“Warmed and Fed,” Ensign, Dec. 2001, 56–57
Some years ago our family was living in Banff, a resort town that lies within Banff National Park in Alberta, Canada. The Christmas season brought to our area many tourists, mostly skiers. Because of our location and because my husband was the branch president, we realized we might have unscheduled guests drop in at any time. With that in mind, we made a trip to the nearby store to pick up a few extra groceries. I just had a feeling that something was going to happen.
While we were in the store, a sudden and terrible blizzard swept into our mountains. Although we lived only a block from the store, we had great difficulty getting our car back to the house.
Strangers greeted us at the door. In the short time the storm had been raging, all exits from the park had been closed. Hotels and motels were instantly filled, and the overflow of people trying to find what accommodations they could was large. We invited the strangers, all Church members, into our home, and I carved a freshly cooked, seven-pound turkey that a neighbor had given our family. I also prepared a few other dishes to help feed our hungry guests.

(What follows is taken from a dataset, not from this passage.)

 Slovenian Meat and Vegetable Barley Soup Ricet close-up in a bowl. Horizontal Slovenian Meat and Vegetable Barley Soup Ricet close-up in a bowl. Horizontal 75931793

During the next few hours, strangers continued to stream into our home looking for shelter and a place to spend the night. We fed them all. As the evening wore on, all the available bed and floor space was occupied, and finally even the bathtub was pressed into use as a bed. With Christmas lights glowing and Christmas music softly playing in the background, a beautiful spirit of security seemed to fill our home.
With so many people in the area left with nowhere to go, the space in our branch building was also made available. My son Toby and I drove up and down the streets late into the night looking for those who were still stranded in their cars, inviting them to our home or to the branch for warm shelter and something to eat. Everyone ate as much as they wanted, and we soon lost track of the number of people we tried to assist.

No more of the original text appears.